After his playing career, Tošić remained actively involved in football. He coached Borac Čačak from 1935 to 1941 and qualified as a federal football referee. Between 1949 and 1959, he held key roles within the Football Association of Yugoslavia (FSJ), serving as the youth national team coach and secretary of the FSJ Technical Committee. He also served as a technical official in the Yugoslavia squad at the 1958 Summer Olympics in Melbourne, where the team finished in second place.

In recognition of his outstanding contributions to football and sports in Serbia, he was awarded the Football Association of Yugoslavia (FSJ) Gold Plaque in 1959. In 1982 he received the 85th-anniversary golden medal of the Serbian Football Association and was declared a "distinguished football official" and was granted a credential allowing him to attend all games in Serbia free of charge.

== Civil engineering career ==
Dragomir Tošić graduated in civil engineering at the University of Belgrade in 1934, while being an active football player. During his professional career he designed and constructed railway lines, tunnels, and hydroelectric power plants. He was the founder and, from 1951 to 1959, the general director of the construction company "Tunelogradnja." For the achievements of this organization, including the breakthrough of the 6.171 m long Sozina tunnel (the longest in Montenegro) and other projects, he was awarded the Order of Labor with a Golden Wreath in 1957.

In the period between 1961 and 1965 he served as a United Nations engineering expert and worked on the development of rail- and roadways in Ethiopia. Between 1967 and 1970 he worked on the development of roads in the Democratic Republic of Congo (DRC) as well as a bridge across the Wamba River.

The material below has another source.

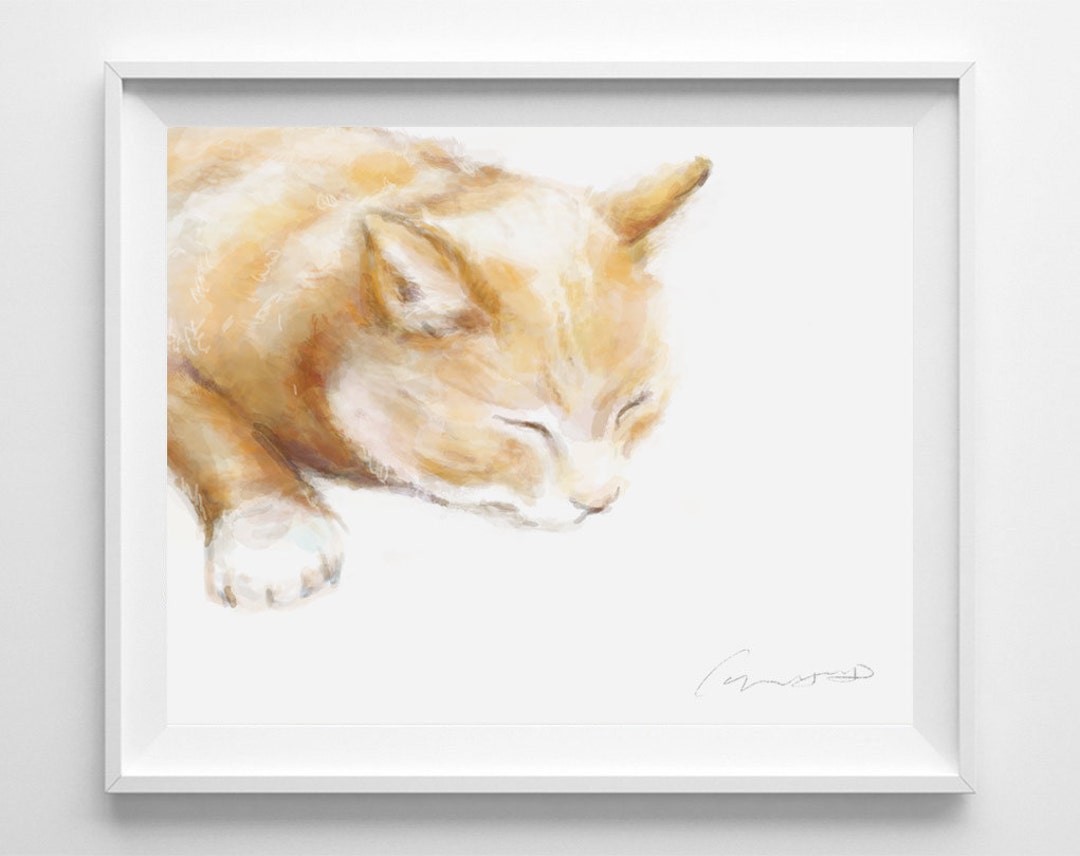 Orange Cat Art Print - Watercolor Painting - Ginger Cat, Cat Lover ...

Upon his return in 1970 he continued his engineering work in Belgrade's "Hidroprojekt" and was involved in international projects in Libya, Syria and Tunesia. He retired in 1974 and lived in Belgrade until his passing.

== Personal life ==
Dragomir Tošić married Smilja Ristić in 1935, and the couple had four children: sons Tihoslav (1936) and Mihailo (1938), and daughters Milena (1941) and Ljubinka (1947). His son Tihoslav followed in his footsteps, becoming a civil engineer and continuing the family tradition. Mihailo was a notable journalist and a co-founder of the "Dadov" teater in Belgrade. He is survived by his Daughter Ljubinka (Bubina), Grandsons Igor Tošić, Igor Leuchter, and Mihailo Tošić, Granddaughters Zoe Smilja Leuchster, and Tamara Tošić, and Great-Grandchildren, Ana Katarina and Filip Jakov Tošić, Ilya Leuchter, Alexis Leuchter, and Sofia Leuchter .

In addition to Serbian, Dragomir Tošić was fluent in German, French, Romanian, English and Spanish.